Logging foods: In the old days, to calorie count, we had to use paper and pencil. This is why programs like weight watchers became so popular. It essentially dumbed down calorie counting to a point system and made things easier to track. With the advent of software like Myfitnesspal, there is no need for the dumbing down. You can track calories, macro nutrients, micro nutrients, and exercise with very little hassle.

To correctly implement calorie counting you must log everything you consume in a day that contains calories. This includes liquids and/or supplements that contain calories. Some people also log calorie free foods (gum, diet soda, black coffee, etc). Since they do not contain any calories, this is optional. They may however contain something that you want to track (vitamins, minerals, sodium).

Weighing foods: You must weigh your foods! Do not estimate! Weigh everything on a kitchen scale. Preferably a digital scale that weighs in grams. Only liquids should be measured by volume (cups tablespoons, etc). On a package of oatmeal the label will usually say that a serving size is ½ cup. It will also have 40g in parentheses. Use a scale to weigh out 40 grams. You will find that if you dump oats into a ½ cup measuring cup that it won’t always equal 40 grams. This becomes more important with calorically dense food such as peanut butter. 1 tablespoon is usually 100 calories, however one can easily put 2-3 “tablespoons” worth of peanut butter on the end of a normal kitchen spoon. Instead weigh the peanut butter according to how many grams are in a serving. The same goes for scoopers found in supplements. One scoop of whey does not always equal 1 serving.
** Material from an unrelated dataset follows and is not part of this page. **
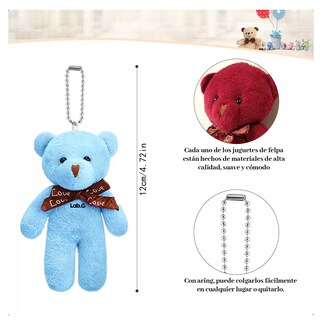 Foto 2 | Llaveros Ositos de Peluche 15 Piezas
Always weigh your whey! Here are some links to a couple of kitchen scales for purchase:
http://www.amazon.com/EatSmart-Precision-Digital-Kitchen-Silver/dp/B001N07KUE/ref=sr_1_5?ie=UTF8&qid=1391480839&sr=8-5&keywords=eatsmart+scale
http://www.amazon.com/Ozeri-Digital-Multifunction-Kitchen-Elegant/dp/B004164SRA/ref=sr_1_1?ie=UTF8&qid=1391480816&sr=8-1&keywords=food+scale

[b[Handling foods with no nutritional information[/b]: Sometimes fruits, vegetables, and meats do not come with nutritional information. The USDA has a comprehensive list of nearly all fruits, vegetables, and many different cuts of meats in grams.

http://ndb.nal.usda.gov/ndb/search/list

Using myfitnesspal you can simply search the fruit, vegetable, or meat with “usda” afterwards to obtain the same nutritional information. When weighing meat, ALWAYS WEIGH IT RAW. The nutritional facts are based on the raw weight of meat unless packaging specifically states otherwise. This is true for just about any food you cook. If you are simply searching the database for a food with no nutritional information, be wise at what you pick. Don't pick the one option that is significantly lower in calories then all the others simply because it is. You must also be careful with the bar code scanner. Sometimes the scanner will not give you the correct product. Verify this whenever possible.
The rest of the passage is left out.